▶ [Material shown]:
════════════════════
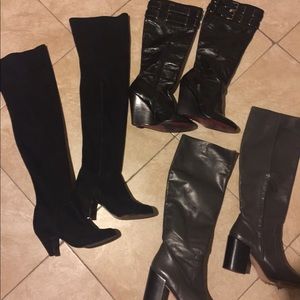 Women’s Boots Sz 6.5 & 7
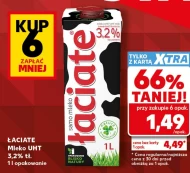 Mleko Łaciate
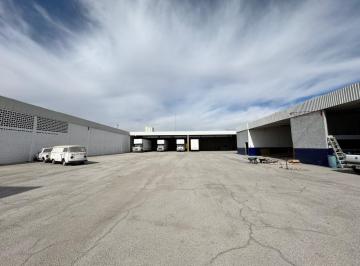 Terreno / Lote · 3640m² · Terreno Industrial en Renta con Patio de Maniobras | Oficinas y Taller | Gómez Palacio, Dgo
════════════════════
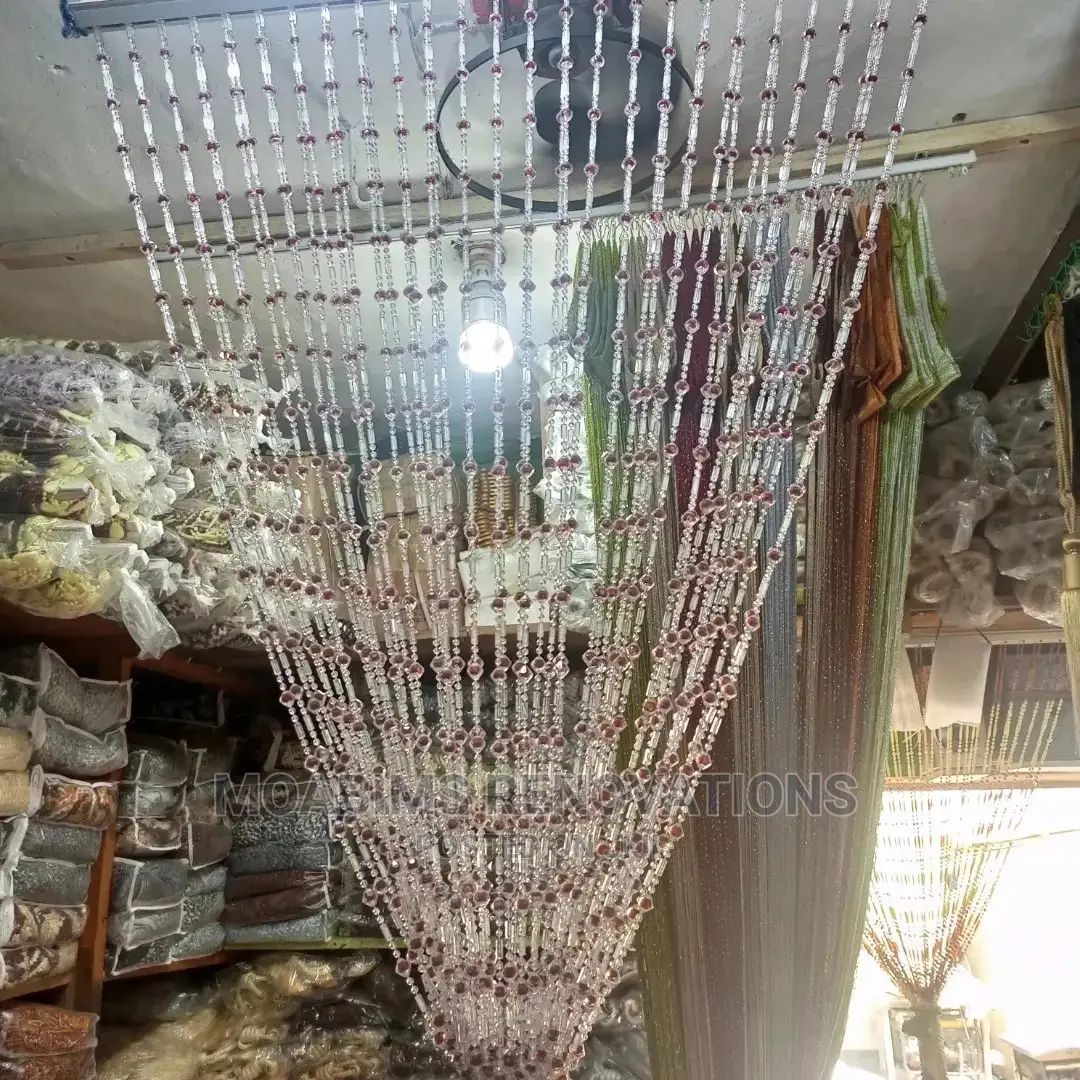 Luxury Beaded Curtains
════════════════════
Word for word, restate the lines above from the one with "Women’s Boots Sz 6.5 & 7" through the one with "Terreno / Lote", keeping both ends and dropping the pictures.

▶ [Result of this task]:
 Women’s Boots Sz 6.5 & 7
 Mleko Łaciate
 Terreno / Lote · 3640m² · Terreno Industrial en Renta con Patio de Maniobras | Oficinas y Taller | Gómez Palacio, Dgo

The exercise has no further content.